Vendredi, 11 février 1976. EGALITE.
La culture contemporaine jette un lasso de principes sur notre conscience, sur notre expérience originelle : et ces principes, même s'ils semblent positifs, sont en réalité négatifs, ne découlent d'aucune expérience. "Tous les hommes sont égaux", voilà l'une des sources les plus trompeuses de tous les a priori. (...) On doit réfuter toute la culture contemporaine dans ses prémisses spirituelles erronées, voire démoniaques et, en particulier, le plus grand mensonge qui soit avec ce principe de la comparaison, fondement du pathos de l'égalité. On n'obtient jamais rien par la comparaison, elle est source du mal, c'est-à-dire de jalousie (pourquoi je ne suis pas comme lui), puis de méchanceté, et enfin de révolte et de division. A aucun de ces stades il n'y a le moindre point positif, tout est négatif du début à la fin. En ce sens, notre culture est démoniaque, car elle repose sur la comparaison. Et comme la comparaison débouche mathématiquement sur l'expérience de l'inégalité, elle conduit inéluctablement à la protestation. L'égalité s'affirme comme une interdiction absolue des différences : mais, dans la mesure où ces différences sont présentes, elle appelle à la lutte contre ces dernières, à une égalisation sans merci et, pire encore, à leur négation en tant qu'essence même de l'existence. La personne, homme ou femme peu importe, qui aspire à l'égalité est déjà, au fond, vidée de son être : elle est impersonnelle, car l'élément personnel en elle constituait justement ce qui la différenciait d'autrui et qui n'était pas inféodé à la loi absurde de l'égalité.
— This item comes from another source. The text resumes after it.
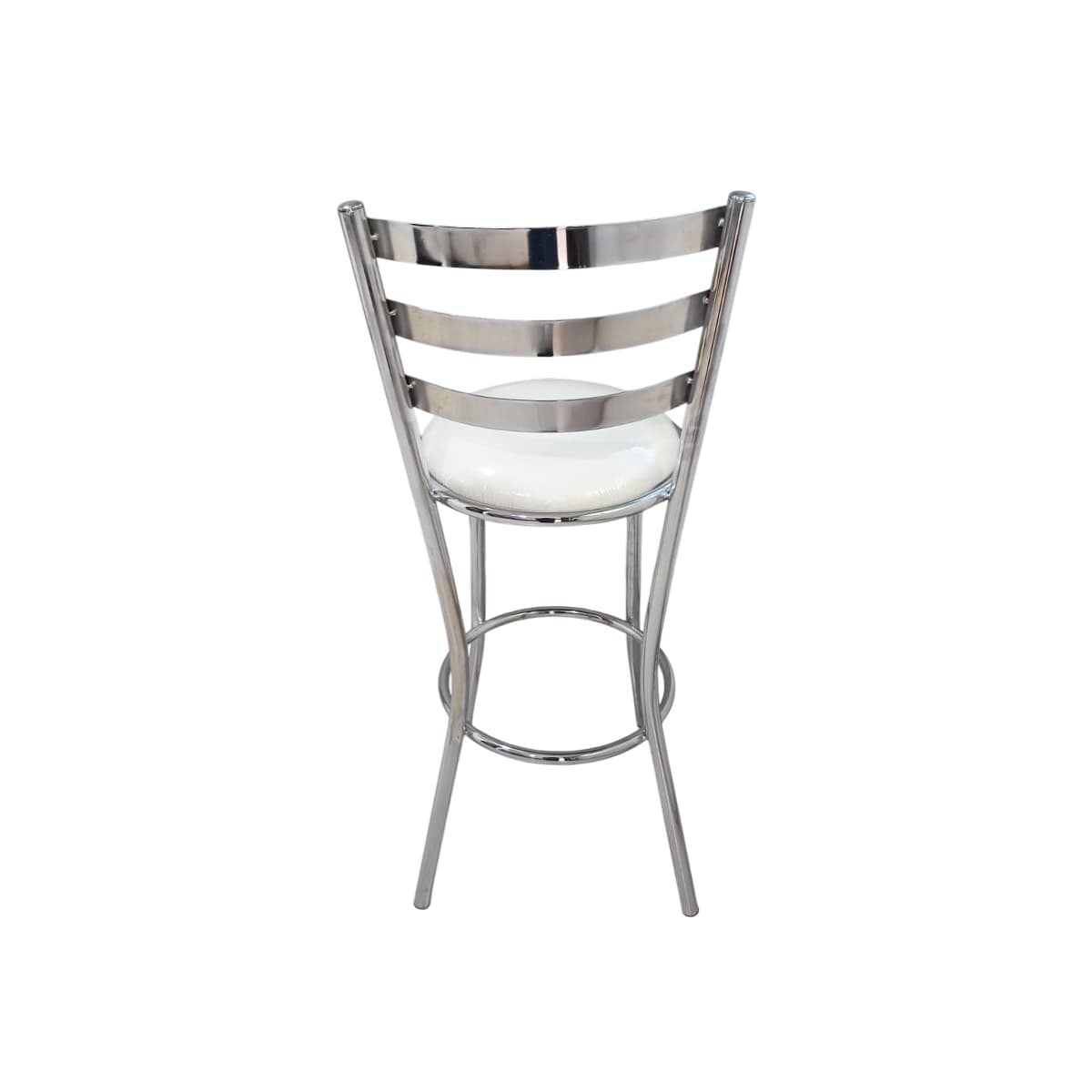 Banco modelo Solera view 4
Au principe démoniaque de l'égalité, le christianisme oppose l'amour, dont l'essence est justement dans l'absence totale de comparaison. C'est pour cette raison qu'il n'y a pas et ne peut y avoir au monde d'égalité, car le monde est engendré par l'amour et non par des principes. Aussi a-t-il soif d'amour et non d'égalité. Rien, nous le savons, n'anéantit autant l'amour, le lui substitue autant de haine que, précisément, cette égalité, constamment imposée au monde, comme but et comme valeur.
Or c'est dans l'amour, et dans lui seul, qu'est enracinée la dualité de l'être, en tant qu'homme et femme. Ce n'est pas une erreur, un préjudice, un accident, que l'humanité corrigera par l'égalité - c'est l'expression primordiale, ontologique de l'essence même de la vie. (...) Tout cela signifie donc qu'il n'existe aucune égalité, mais qu'il y a une différence ontologique, qui rend possible l'amour, c'est-à-dire l'unité et non l'égalité. L'égalité présuppose la multiplicité d'égaux, et cette mutiplicité n'est jamais transmuable en unité, car tout le fondement de l'égalité réside dans la protection zélée qui lui est accordée. Dans l'unité, la différence n'est pas anéantie mais devient elle-même unité, vie, acte créateur ...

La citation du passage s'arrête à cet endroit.